[WHAT YOU HAVE TO DO] If a record contains a picture, leave the picture out and reproduce everything else exactly.

===

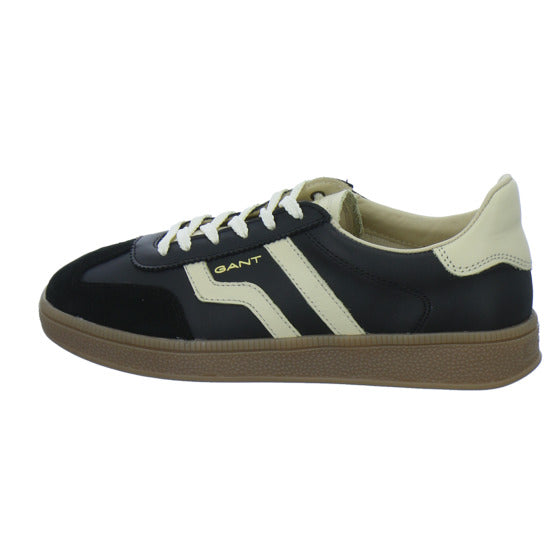 Gant Sneaker Damen Cuzima Schwarz-kombi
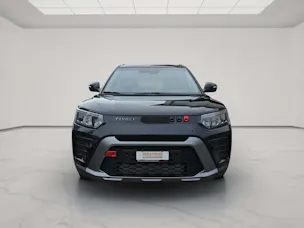 KGM Tivoli 1.5 T-Gdi Steel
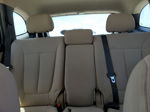 2010 Hyundai Santa Fe Gls Серый vin: 5NMSG3AB5AH389709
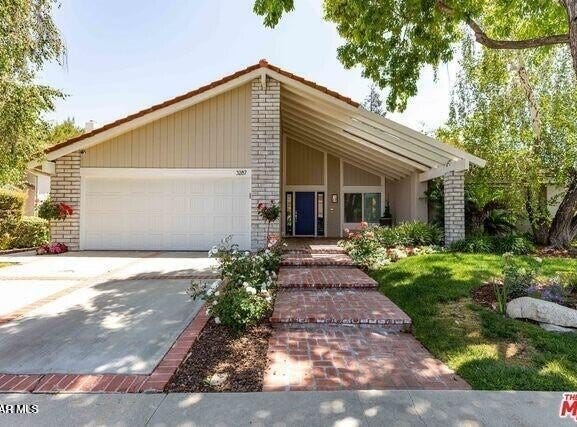 3287 Sierra Drive, Westlake Village, CA 91362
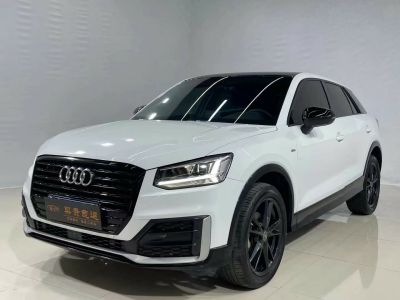 2021年1月 奥迪 奥迪SQ5(进口) 3.0 TFSI quattro图片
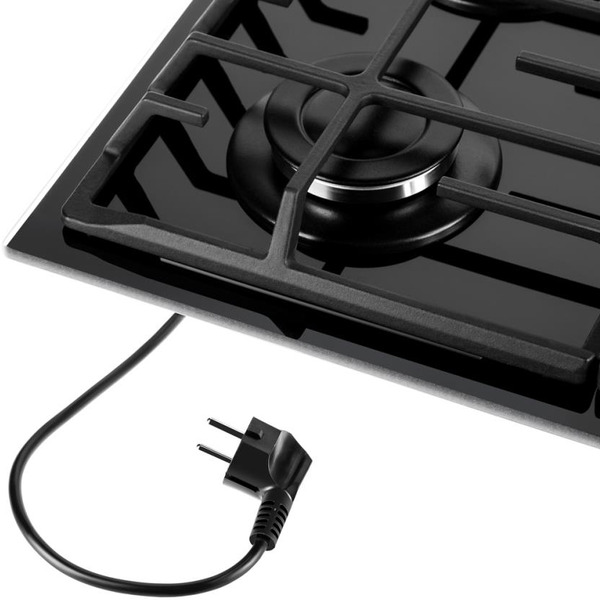 Варочная панель MAUNFELD EGHG.64.63CB2/G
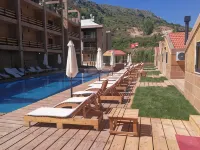 Villetta di Faraya Hotel a Aaqoura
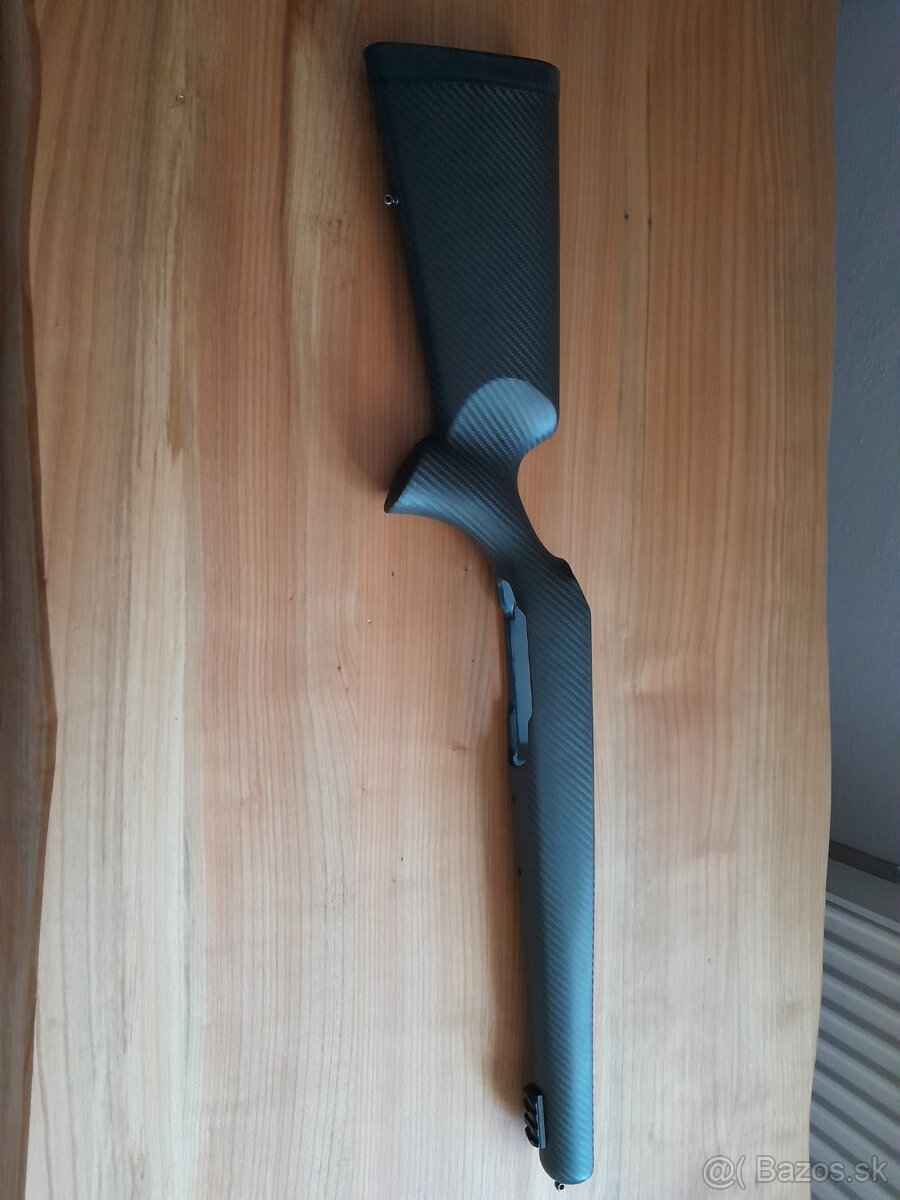 Karbonová pažba Blaser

===

[EXERCISE RESPONSE]
 Gant Sneaker Damen Cuzima Schwarz-kombi
 KGM Tivoli 1.5 T-Gdi Steel
 2010 Hyundai Santa Fe Gls Серый vin: 5NMSG3AB5AH389709
 3287 Sierra Drive, Westlake Village, CA 91362
 2021年1月 奥迪 奥迪SQ5(进口) 3.0 TFSI quattro图片
 Варочная панель MAUNFELD EGHG.64.63CB2/G
 Villetta di Faraya Hotel a Aaqoura
 Karbonová pažba Blaser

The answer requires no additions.